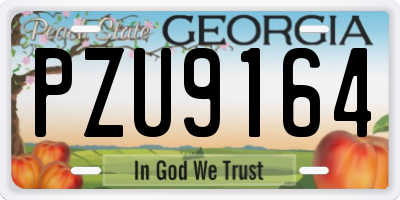 GA license plate PZU9164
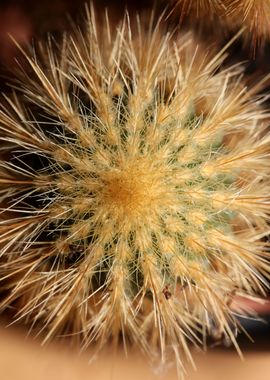 Cactus close up background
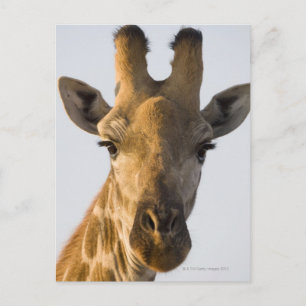Giraffe (Giraffa camelopardalis) portrait, Imire Postcard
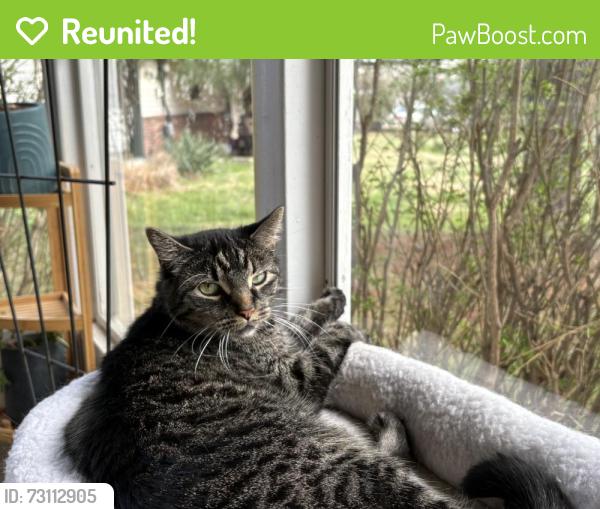 Reunited Female Cat last seen Brass Lamp Drive, between Sweetwood Court and Morewood Court, Ballwin, MO 63011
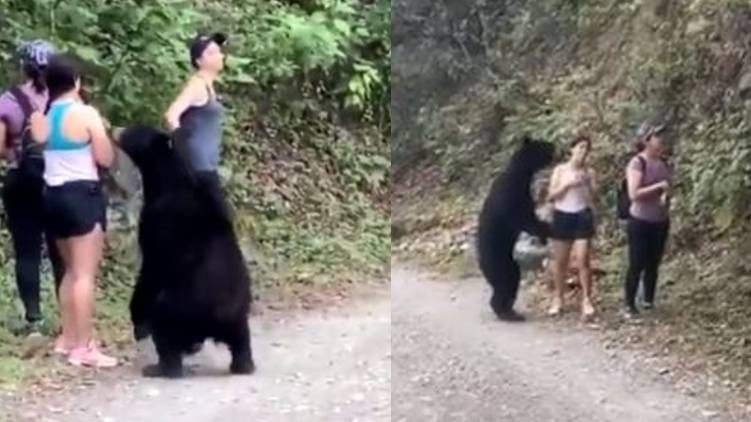 bear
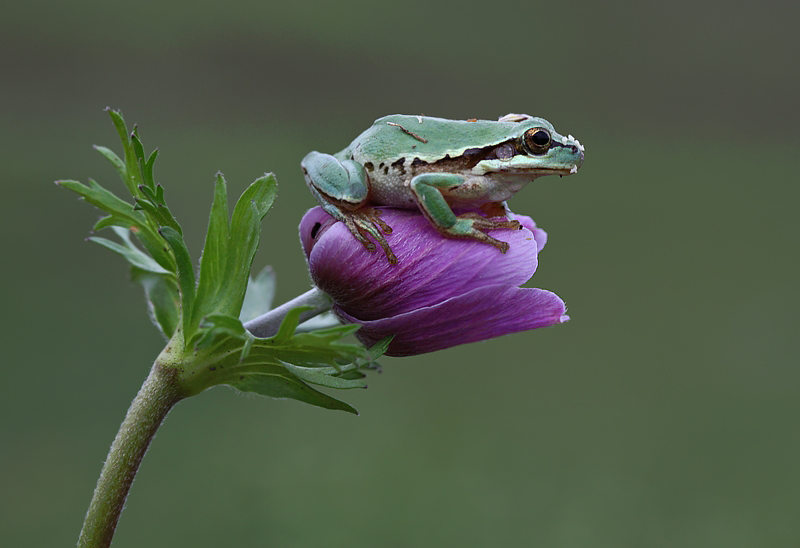 small frog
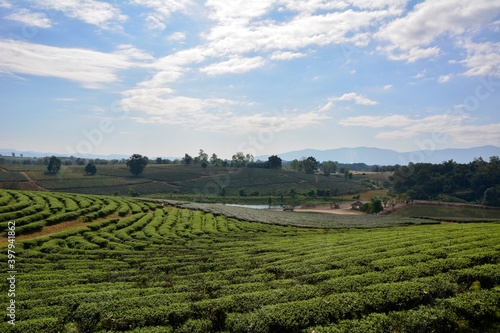 Fototapeta Naklejka Na Ścianę i Meble -  Amazing landscape view of tea plantation in sunset/sunrise time.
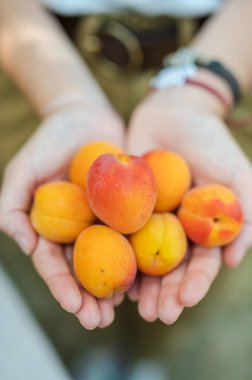 Ellerinde olgun kayısılar tutan kadın.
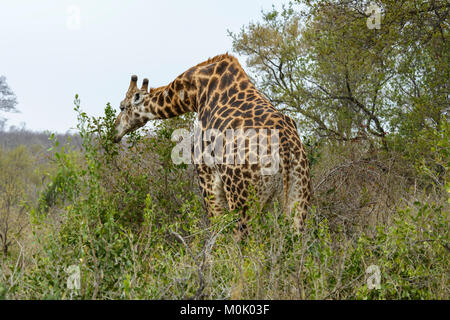 South African Giraffe oder Cape Giraffe (Giraffa Camelopardalis giraffa) Blätter vom Baum in den Krüger National Park, Südafrika Stockfoto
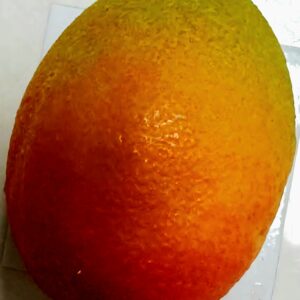 Mangue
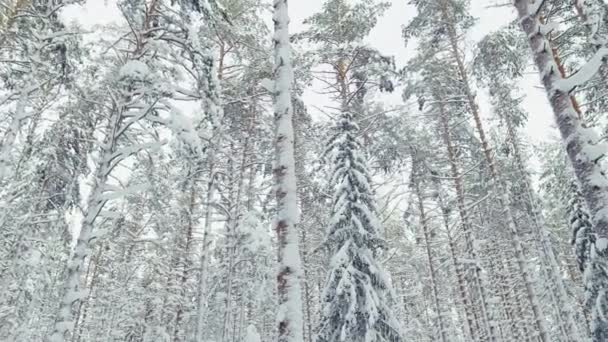 The drone slow flies between the trunks of snow-covered pine trees in forest at winter, nobody at frosty day — Stock videók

:: Exercise brief ::
Repeat the material above exactly. Leave every picture out of it.

:: Task response ::
 GA license plate PZU9164
 Cactus close up background
Giraffe (Giraffa camelopardalis) portrait, Imire Postcard
 Reunited Female Cat last seen Brass Lamp Drive, between Sweetwood Court and Morewood Court, Ballwin, MO 63011
 bear
 small frog
 Fototapeta Naklejka Na Ścianę i Meble -  Amazing landscape view of tea plantation in sunset/sunrise time.
 Ellerinde olgun kayısılar tutan kadın.
 South African Giraffe oder Cape Giraffe (Giraffa Camelopardalis giraffa) Blätter vom Baum in den Krüger National Park, Südafrika Stockfoto
 Mangue
 The drone slow flies between the trunks of snow-covered pine trees in forest at winter, nobody at frosty day — Stock videók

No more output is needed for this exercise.